It's about a year since I started making 3D printed clocks, with Steve Peterson's SP5 clock, and I decided it was time to try designing a clock of my own. I have modified some of the clocks I've made in small ways (adjusting fit) and in larger ones (replacing the motion work in the Swingtime clock). The only complete design I have done was the William Strutt epicyclic design, and even them much of it came from a published diagram. Now it's time to do something from the ground up. I don't know if I will carry this all the way through to a reliable design; it may turn out I don't have the skills or the patience to do so.
The starting point is a basic Graham escapement design with a rather conventional wheel train and motion train. I have a few ideas for ways I would like to refine it over time. The gear tooth counts are taken from this design on Thingiverse, itself remixed from a design by Thingiverse user TheGoofy. Having said that I wanted to design the clock myself, it might seem inconsistent to take the gearing from an existing design, but there are only so many possibilities which give you the right ratios and a number of teeth that you can manufacture. I like this wheel train as it allows you to add a seconds hand easily. Assuming a pendulum with a 2 second period (so about 1 metre long), you get this:
Escape wheel: 30 teeth, pinion 30 teeth.
Seconds wheel: 60 teeth, pinion 9 teeth.
Intermediate wheel: 72 teeth, pinion 10 teeth.
Minute wheel: 75 teeth, 16 teeth.
Reduction wheel (minutes to hours): 64 teeth, pinion 20 teeth.
Hour wheel: 60 teeth.
You have some choice about the gearing from the minute wheel to the weight drum. My initial design has an extra 20 tooth wheel on the minute arbor engaging with a 60 tooth wheel on the weight drum for a 3:1 reduction. If the weight drum has a diameter of 50mm, then it means that for each 3 hour rotation, the weight drops pi times 50mm, so that in 19 hours the weight drops by 1 metre. The pendulum length is something I will reconsider later.
I did the design in Fusion 360, using the standard add-in for generating the gears. The add-in only generates involute gears. I feel sure that I read something which said that cycloidal gears are better in the train from the weight to the escapement where each step increases speed and reduces torque, and involutes are better in the train from the minute wheel to the hour wheel, with the opposite characteristics.

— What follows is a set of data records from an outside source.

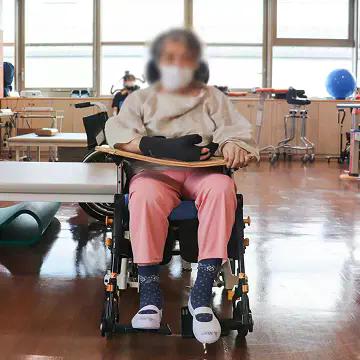 After 大きい車いす手もたれ付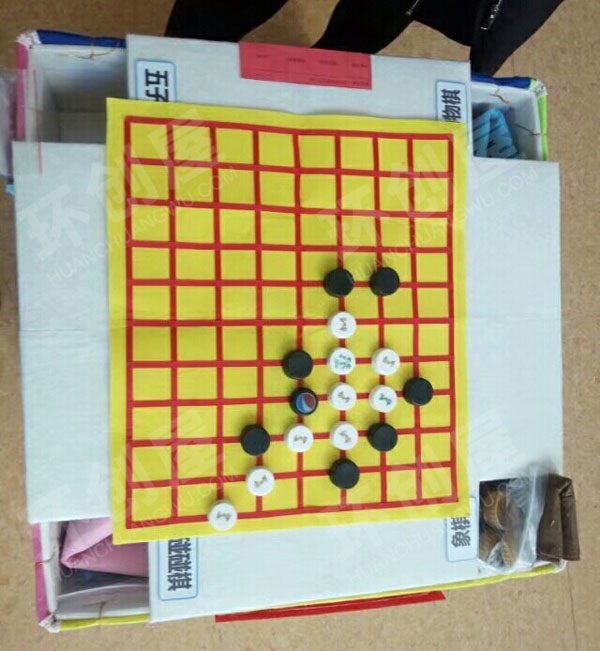 幼儿园益智区废旧利用魔法瓶盖自制玩教具图片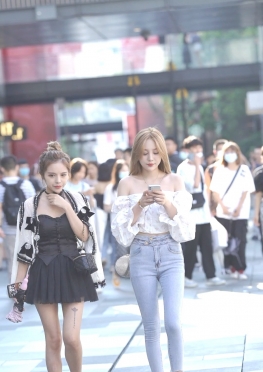 62521非常好看的紧身牛仔裤长腿完美女孩视频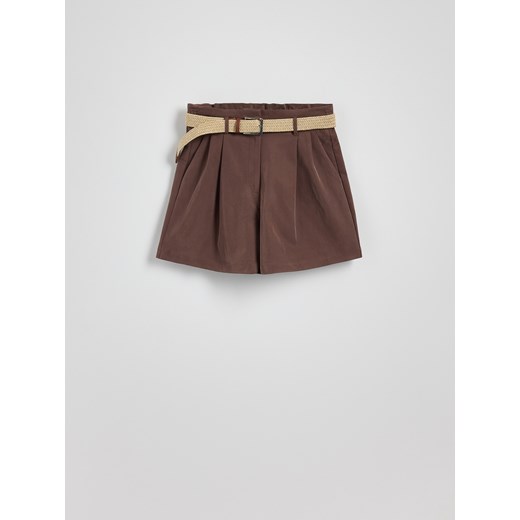 Reserved - Szorty z plecionym paskiem - ciemnobrązowy Reserved XL Reserved okazyjna cena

However, I could not find the reference again and there are many places which say to use involutes unless the teeth are so small they become fragile. This reference concisely summarizes the debate. If I wanted cycloidal gears there are tools like this one which output a DXF or SVG. I used a 14.5 degree pitch angle and a small amount of backlash to make the spacing between the teeth better. All of the pairs of gears are design to have their centers the same distance apart (60mm) so that I can stack several on the same arbor if I choose, leading to various different modules from 1.33 to 1.5. For the escape wheel and anchor, I used a parametric design a created a few months ago in Fusion 360, based on Jacque Favre's tutorial.
(Side note: what I actually did for the gear was use the add-in, and then project the profile into a new sketch. I could then project the pinion profile into a new sketch. This makes combining them a little easier.)
Here is a picture of a prototype, with a couple of minor parts missing:
The purpose of the prototype is to check everything seems to fit together. The weight arrangement is unfinished. It has no ratchet to allow for rewinding. The frame is very flimsy as I designed to print quickly. There are no bearings or attempt to reduce friction in this version, and the anchor is designed so I can experiment with different positions for the pendulum.
I printed part of this: the frame and the wheel train from the escapement through to the minute wheel, modified to include a weight drum. Originally I wanted to try this with various weights to get an idea of what weight I might need in the final version, but I had cut corners in the frame. So in the end it only ran for a few seconds with a weight hooked up. However, by applying force to the minute wheel by hand I was able to see it roughly working:
The beat isn't right and it takes quite a lot of force to make it run, but it gives an idea that things are generally correct.